**WHAT IS REQUIRED:** The lines below, from the one containing "To set up this" through the one containing "It has a milder, sweeter, and", should be set down exactly, with no pictures and nothing else.

**WORKING DATA:**
______

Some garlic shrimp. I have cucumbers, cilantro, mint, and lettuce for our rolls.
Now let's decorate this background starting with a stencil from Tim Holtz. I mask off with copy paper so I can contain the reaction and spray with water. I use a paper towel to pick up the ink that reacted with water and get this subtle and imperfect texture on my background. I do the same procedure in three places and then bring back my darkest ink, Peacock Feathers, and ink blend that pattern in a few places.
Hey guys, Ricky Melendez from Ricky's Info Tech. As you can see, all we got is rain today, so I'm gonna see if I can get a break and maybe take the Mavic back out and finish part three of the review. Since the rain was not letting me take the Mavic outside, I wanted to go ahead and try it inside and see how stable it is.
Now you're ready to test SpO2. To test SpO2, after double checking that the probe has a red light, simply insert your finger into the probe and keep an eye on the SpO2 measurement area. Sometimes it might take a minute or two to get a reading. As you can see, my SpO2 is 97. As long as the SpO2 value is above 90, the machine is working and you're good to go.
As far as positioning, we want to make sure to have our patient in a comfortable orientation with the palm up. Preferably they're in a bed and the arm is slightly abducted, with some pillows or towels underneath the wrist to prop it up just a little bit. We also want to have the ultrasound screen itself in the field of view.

______

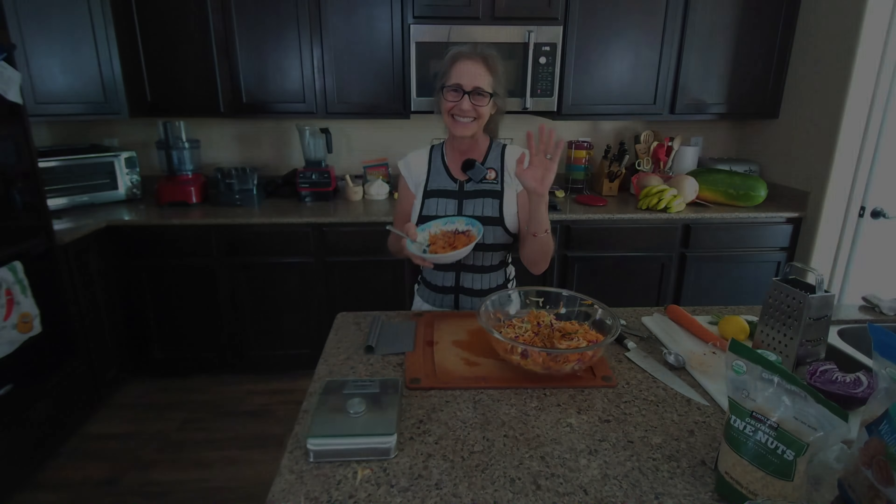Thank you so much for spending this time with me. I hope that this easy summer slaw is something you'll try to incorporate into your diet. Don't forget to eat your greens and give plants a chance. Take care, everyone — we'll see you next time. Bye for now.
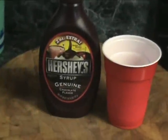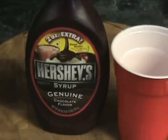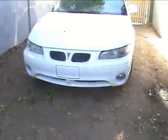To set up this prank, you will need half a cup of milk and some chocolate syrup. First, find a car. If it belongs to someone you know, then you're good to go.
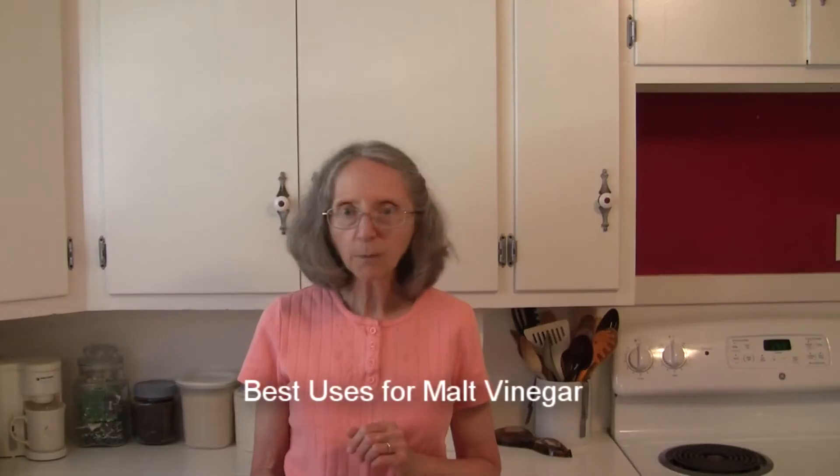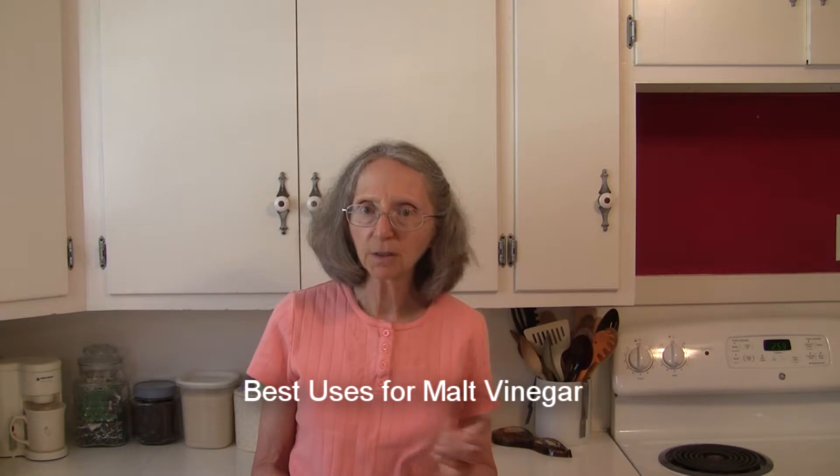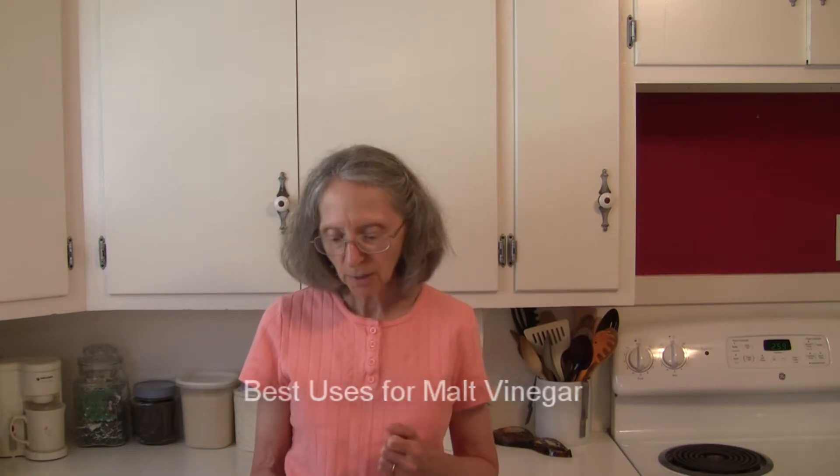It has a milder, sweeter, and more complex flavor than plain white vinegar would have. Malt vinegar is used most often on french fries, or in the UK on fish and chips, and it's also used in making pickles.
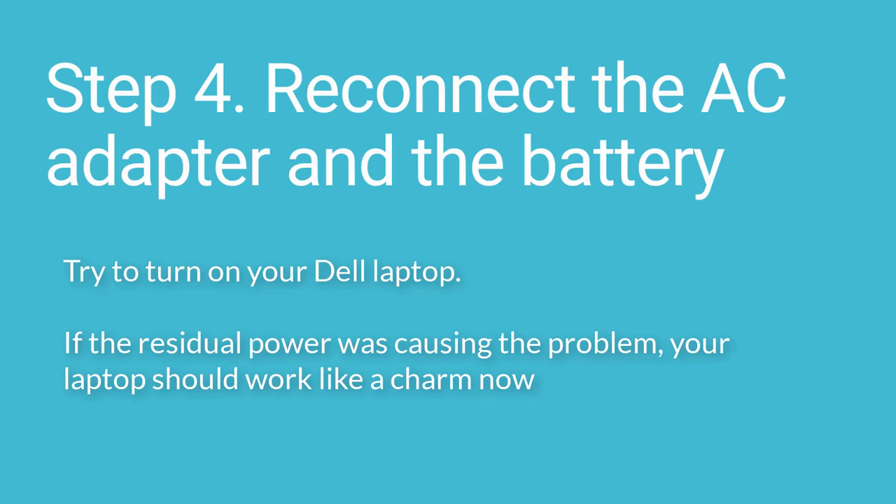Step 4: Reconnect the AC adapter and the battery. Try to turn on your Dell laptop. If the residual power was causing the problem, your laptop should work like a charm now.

______

**FINISHED TASK:**
To set up this prank, you will need half a cup of milk and some chocolate syrup. First, find a car. If it belongs to someone you know, then you're good to go.
It has a milder, sweeter, and more complex flavor than plain white vinegar would have. Malt vinegar is used most often on french fries, or in the UK on fish and chips, and it's also used in making pickles.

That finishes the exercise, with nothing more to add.